Like his sculpt, Tyrus' paint work is good but not outstanding.  He has a pretty simple pallette, but they did add some nice details on the shoulder armor and belt.  The eyes and teeth show a bit of slop, and he sports a more mass market job in this category than some of the other figures.

Articulation - Tyrus ***1/2; Edmund, Peter, Miraz ***;
Miraz takes a slight hit here, especially compared to some of the other figures in the line, but he still has fairly solid articulation.

He has a cut neck, but both shoulders are ball jointed, and the shoulder pads have pin joints as well to allow them to travel up fairly high, giving the shoulders a greater range of movement than would be possible otherwise.  He has pin elbows and knees, as well as a cut waist, T hips, and cut wrists.  None of the joints gave me any trouble with sticking, and none (including the wrists) felt weak or likely to break under regular use.

His articulation works quite well considering he has not one but TWO action features that could have interfered.  More on that in a minute.

The articulation on Peter and Edmund is better than you might anticipate, looking at them in the package.  Both have a bit of a ball jointed neck, although the ball is so far up in the head that it doesn't quite have the range of movement that it could have.  Peter has the skinnier neck, so his works better than Edmund's, having more ability to tilt in different directions.

Peter has a cut right shoulder and ball jointed left shoulder, while both shoulders on Edmund are cut joints.  These are all designed to work with the various action features, yet those features don't restrict the use of the joints as you might expect.

The both have pin elbows and knees, T hips, cut waists (which can be used for posing, not just the action feature), and cut wrists.  As with Miraz, none of the joints feel weak or cheap, and there were none that were paint stuck.

Here's the category where Tyrus shines.
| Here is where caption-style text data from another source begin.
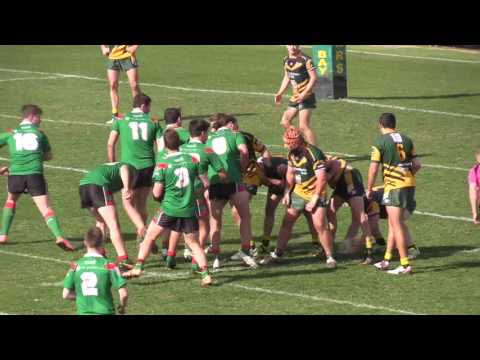 2016 Newcastle RL Round 10 Under 19 Highlights - Macquarie v Western Suburbs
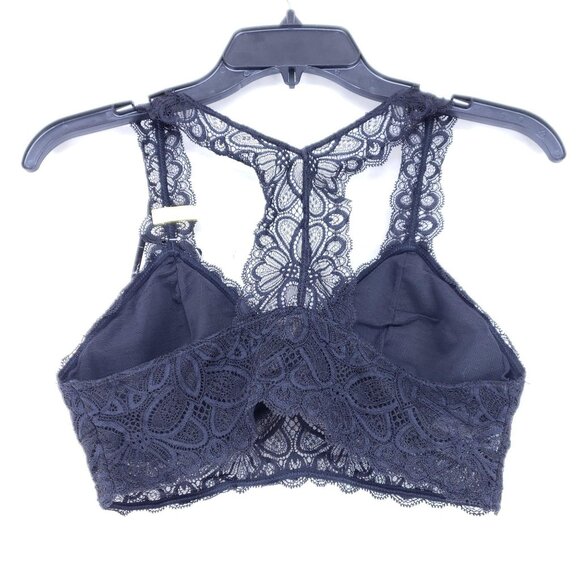 Maidenform Womens Lace Bralette Wireless Razorback - Picture 4 of 7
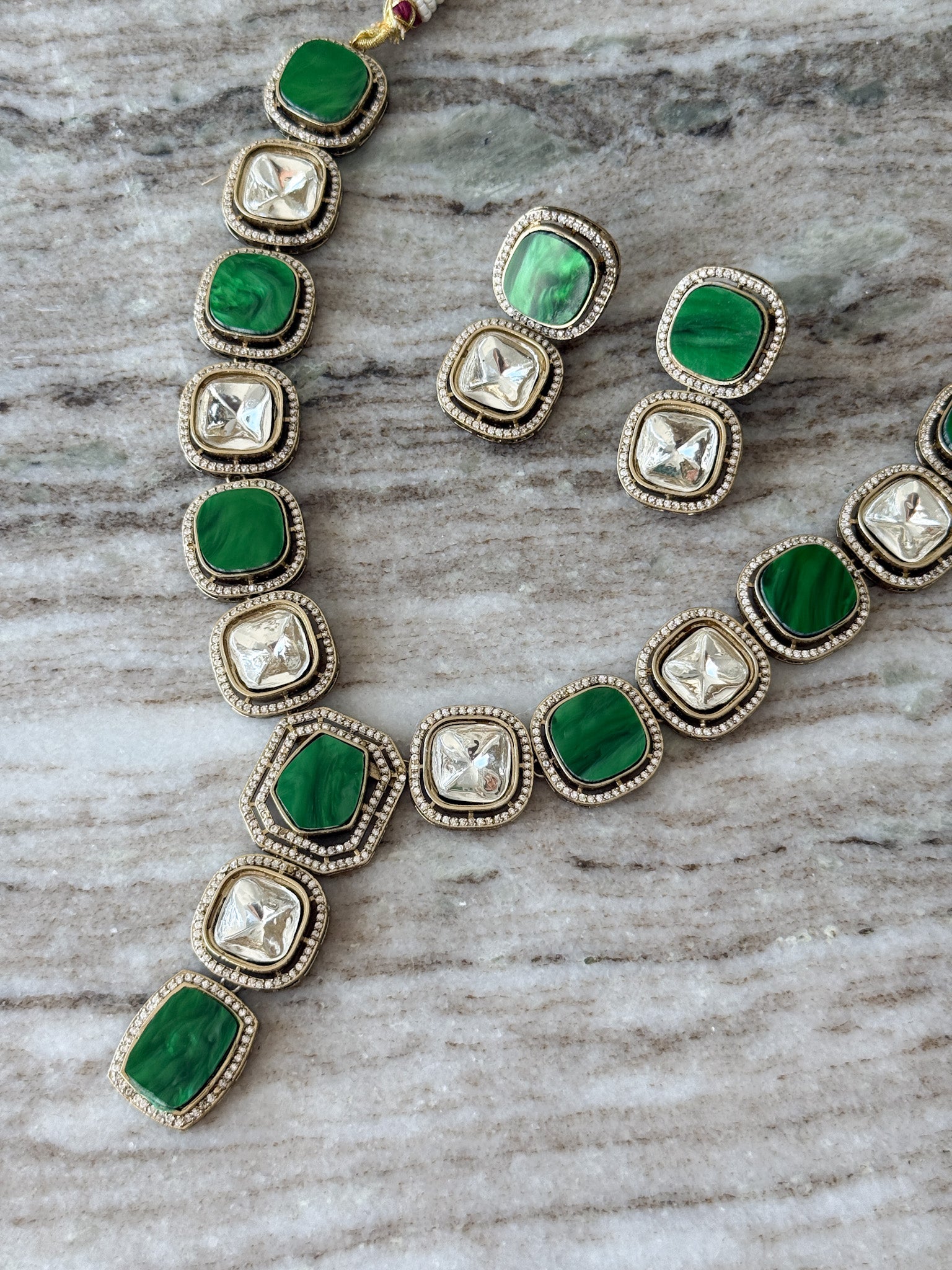 NAINA Necklace Set Toshi Jewels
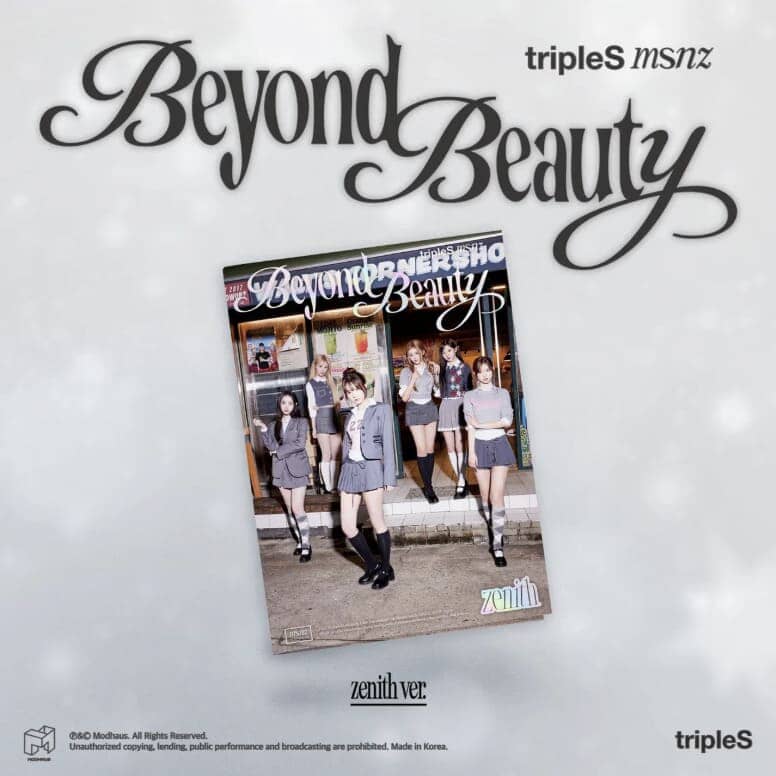 TRIPLE S MSNZ - BEYOND BEAUTY Nolae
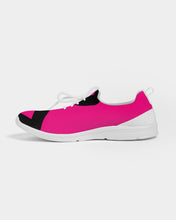 Load image into Gallery viewer, PUMP&#39;T UNIVERSITY LOGO Women&#39;s Lace Up Flyknit Shoe
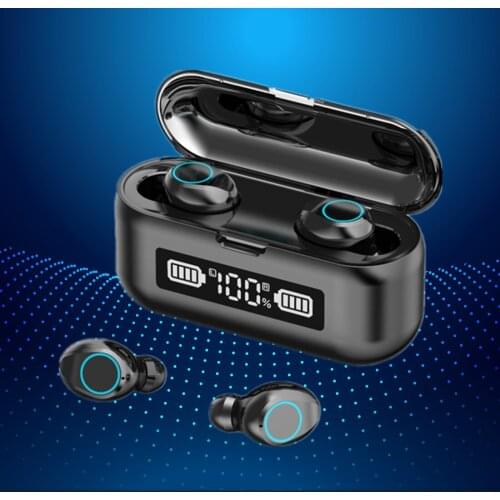 Wireless Bluetooth 5.1 Earphones Touch Control HD Stereo Headphones Sport Waterproof Headset Earbuds With Charge Case Microphone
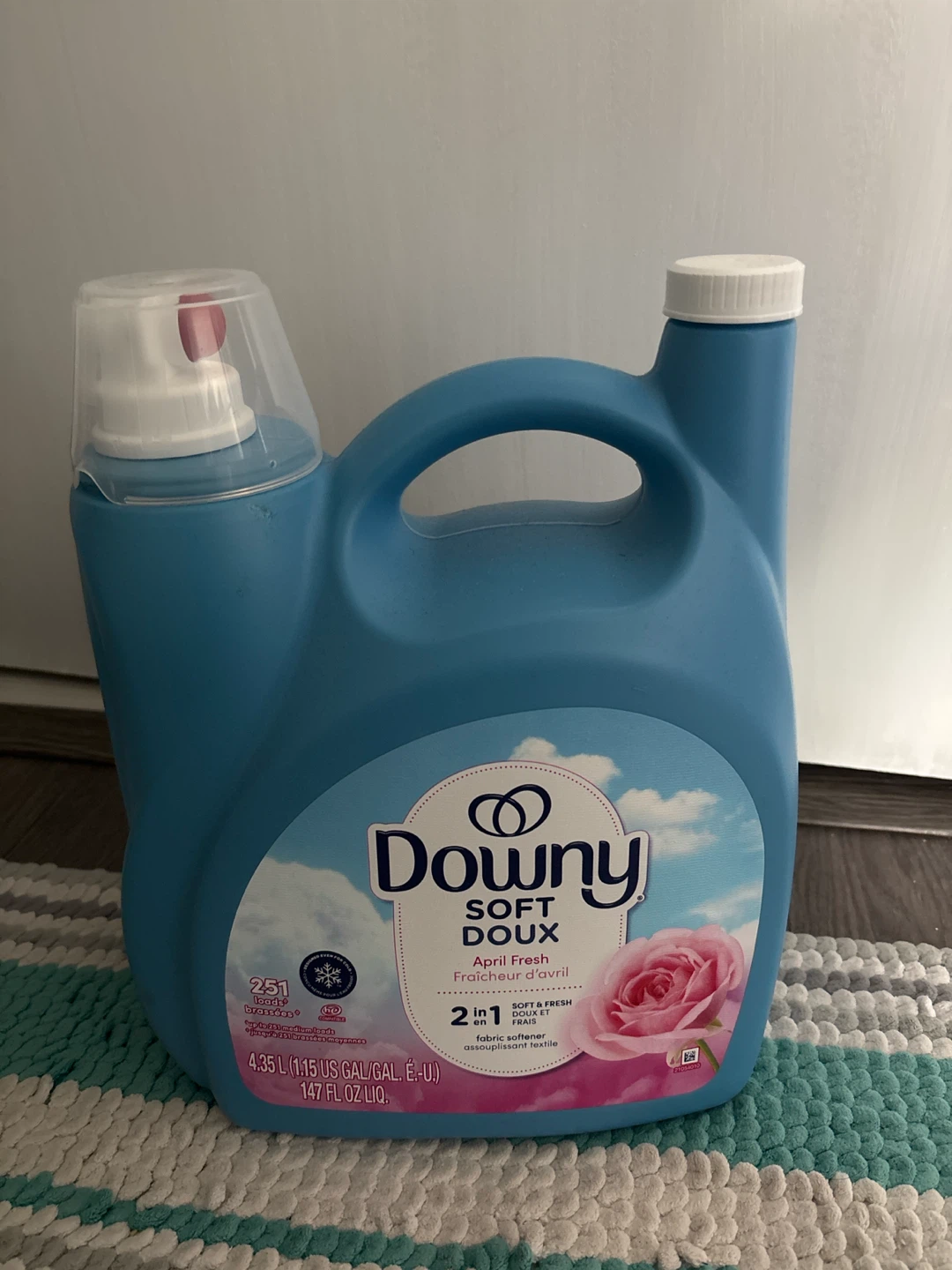 🧺 Downy Soft Fabric Softener — $12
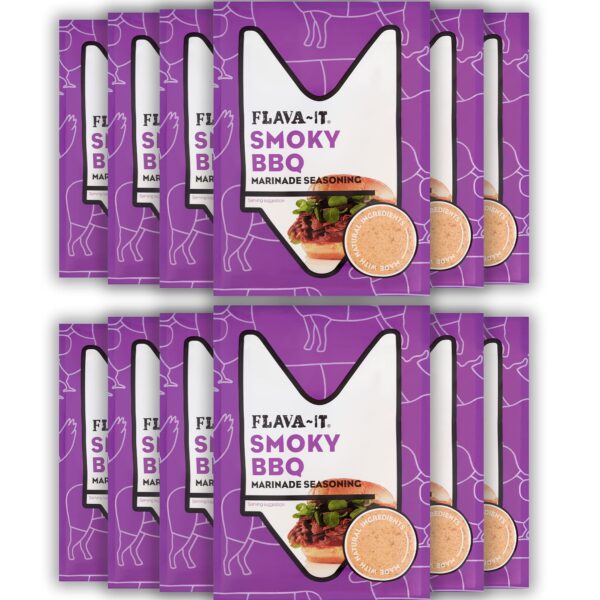 Flava-it Smoky BBQ Marinade Seasoning 35g
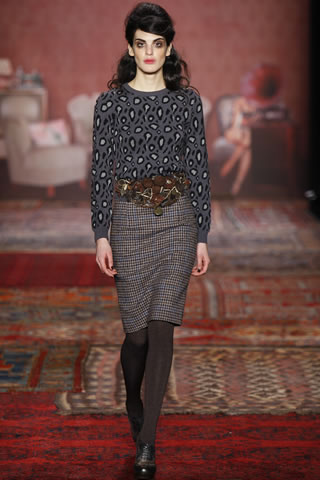 Lena Hoschek MBFW Berlin A/W Collection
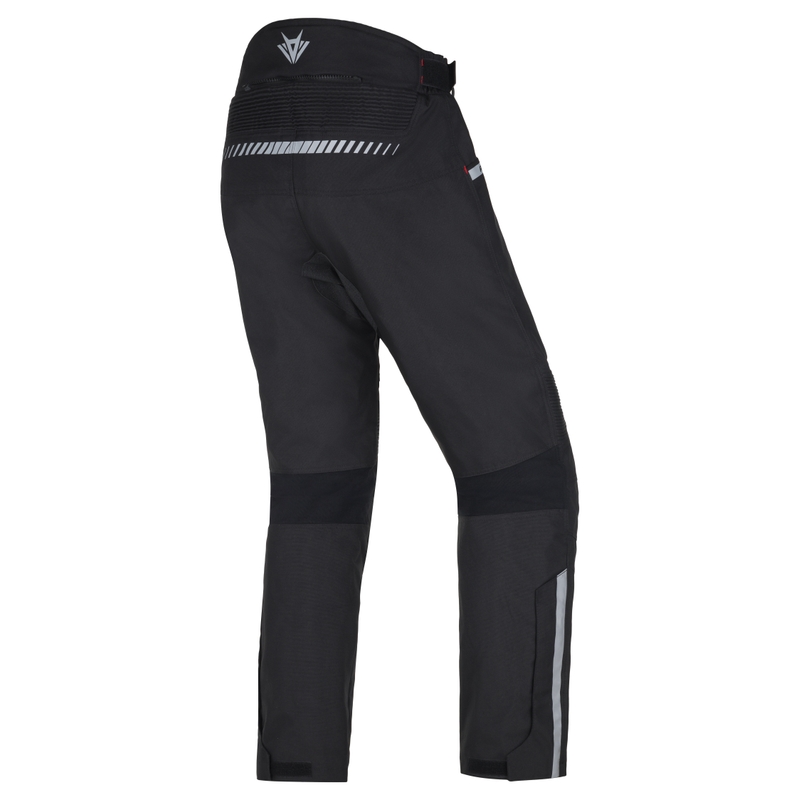 Pantalón de moto RSA Rider negro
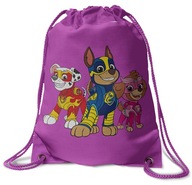 Paw Patrol Patterns Detská taška na batoh na topánky RUŽOVÁ + ZADARMO NÁZOV Paw Patrol Patterns Detská taška na batoh na topánky RUŽOVÁ + ZADARMO NÁZOV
He has a ball jointed neck, with the tiny ball way up inside the head.  There's enough clearance around the torso though that it can tilt and turn much better than I expected, especially since his action feature is also part of the neck.

He has ball jointed shoulders, but unlike the others, his shoulder armor is not jointed. The one shoulder pad is made from a fairly soft rubber though, so it works better than you might first assume.

He has pin joints at the elbows, with a cut waist and cut wrists, as well as the T hip joint.  He doesn't have pin knees, but does have a pin joint at the ankle.  This allows you to hit the sweet spot with his hooves to keep him standing, which was pretty impressive considering how small the feet are.

Accessories - Miraz, Edmund, Peter ***; Tyrus **1/2
While these figures aren't loaded to bear, they all have at least their critical weapons.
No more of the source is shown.